Kissing quadrupeds and birds
occur frequently in this style of kiva
art. (Meter stick shown.)"
(Steen 1977:27)

"Few geometric figures were seen in any of the kivas; the style seems to run almost exclusively to life forms. Anthropomorphic figures, either masked men or gods, are common (see de Peso's letter below), but Kokopellis are seldom seen. The most common single figure is probably the Awanyu. Birds and quadrupeds are the other figures carved on the walls, and frequently they are shown in pairs in kissing position (Figs. 20 and 21)." (Steen 1977: 22-3)

"Some of the figures seem to have a Mexican accent, so a set of photographs (Figs. 19-22) of the art work at the kiva at LA 12609 was sent to Charles di Peso of the Amerind Foundation, Dragoon, Arizona. His reply was:


"Fig. 22. On the left is a possible
representation of a Mesoamerican
Sun god and, on the right a
Kokopelli." (Steen 1977:28)

"What a lot of wonderful decoration - exciting as hell and twice as much fun! Starting at the 'sunburst' kid, who occupies the area between the two entries - isn't he something! His sun body with the center cross is an iconographic form used by the Mesoamericans to represent Tonatiuh (Beyer 1965, pp. 147 and 169). In his left hand is a perfectly good 'horned serpent' and in his right, a T-shaped club. By the 14th century, when the kiva was in use, it is believed that Tonatiuh was submerged by the Huitzilopochtli complex (Nicholson in Wauchope's Handbook of Middle American Indians, 10, pp. 424-426) in Mexico. If so, the Anasazi snake-in-hand portrait would resemble that of Huitzilopochtli, as depicted in the Codex Borbonicus 34 (Fig. 39).

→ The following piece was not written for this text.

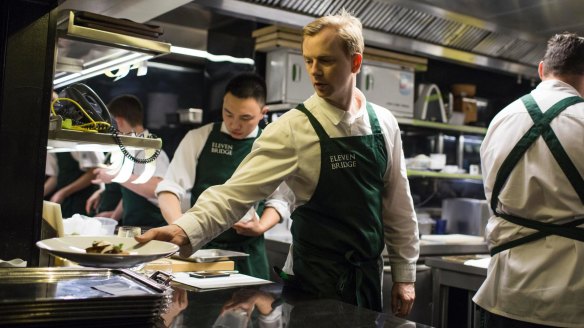 Chef Phil Wood works at the pass at Eleven Bridge in Sydney.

Horned serpents and spotted animals
at the Mortandad ruin, Los Alamos, NM.
Photograph Peter Faris, Aug. 30, 2003.

The Kokopellis - hunched, ithyphallic flute player, and sundry sword swallowers, etc. - the 'rainbow' Plumed Serpent, which was laid out as a design over the wall niche, suggests some affinity with Quetzalcoatl. Below it are the two long-tailed, spotted, kissing characters. They are a far cry from 'tigers', but they are spotted and have long tails. Whether or not the one with the ears or 'horns' is a male and the other a female is open to one's imagination. Further, there is a relationship between this pair and the Plumed Serpent with the bifurcated tail - it remains and interesting supposition. - - Not much I can say about the kissing animals noted over the last niche and over the first niche where the horned helmet stands." (Steen 1977:23-4)

Elsewhere I have speculated that the two spotted quadrupeds may be canines, given the straight tails, lack of claws, and also the lack of feline pointed ears. Canines or jaguars ("tigers"), I really do not know.

One must not get the impression that ll the cave kivas from Ancho to Pueblo Canyon werre decorated in this manner. From more than half the hundreds of cavate ceremonial rooms, the inner surface has exfoliated so that all trace of any former designs has disappeared. At other sites, the rooms were blackened but not decorated. Where the Mortandad style figures were cut into the walls, normally only one or two figures were made. We are fortunate that the best preserved kiva also contains the most figures." (Steen 1977:24)

All in all, this is a fascinating site with an amazing array of extremely well preserved art, including a number of unique themes and images. 

REFERENCES:

Johnson, Alexander F. and Stephen R. Hoagland
2010    Mortandad Cavate Complex Baseline Study, Los Alamos National Laboratory, Los Alamos, NM.

Steen, Charlie R.

1977    Pajarito Plateau Archaeological Survey and Excavations, Los Alamos Scientific Laboratory of the University of California, Los Alamos.